It’s this delay that’s so fascinating. It provides insight into how medical research works and why it’s important to control for various biases in clinical trials. Above all, it shows how misleading clinical intuition can be. Therefore, the history of surgery has important implications for patients with poorly understood conditions where research is of poor quality, and treatments are introduced prematurely.

The long list of surgeries that were once part of medical practice but are now abandoned:

Most of the information in this blog post comes from the book ‘Surgery: the ultimate placebo’ by Australian professor and orthopedic surgeon Ian Harris.* Harris’s book gives a tantalizing account of how many invasive procedures came into use because they ‘made sense’ or had some preliminary evidence, but were eventually abandoned after testing in a proper scientific experiment.

The list of inadequately studied surgical procedures that were once part of medical practice only to be abandoned after closer scrutiny, is rather long. It includes prefrontal lobotomy, routine tonsillectomy, gastric freezing, radical mastectomy, glomectomy for asthma, prophylactic portacaval shunting, and adrenalectomy for essential hypertension.

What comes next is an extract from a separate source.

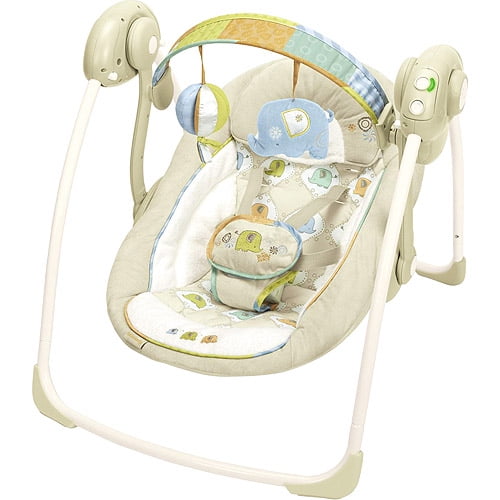ingenuity portable baby swing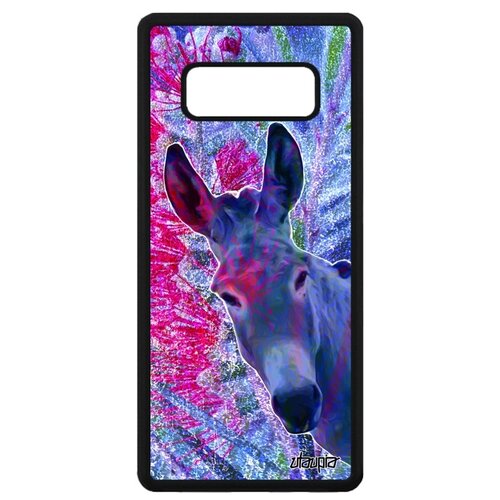 фото Чехол на galaxy note 8, "осел" глупец упрямый utaupia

The most famous example, however, is therapeutic phlebotomy or bloodletting. For centuries it was common for physicians to make incisions to let their patients bleed in the hope that this would restore the internal balance of bodily fluids. The procedure was used for various illnesses including pneumonia, cancer, diabetes, and jaundice. It did more harm than good and likely hastened the death of many patients, George Washington being a famous example. Harris notes that “because its use was so widespread, it probably killed more people than any other medical treatment in history.”

Bloodletting provides a cautionary tale of how doctors can sometimes do more harm than good to their patients even with the best of intentions. Although its rationale may now seem absurd, for centuries bloodletting was an established procedure, promoted by some of the greatest physicians that ever lived, including the famous Canadian doctor William Osler.

Artery ligation: the first placebo-controlled trials for surgical interventions

Recent examples of surgical procedures that are now abandoned are even more interesting as they demonstrate how observational evidence can be misleading. Seeing patients improve after surgery is simply not enough to conclude that the procedure is effective. Perhaps patients would have improved faster or to a larger extent if they didn’t receive the surgery. What is needed to determine efficacy, is a controlled trial where patients are blinded and approximately half of them receives not the intervention, but a placebo.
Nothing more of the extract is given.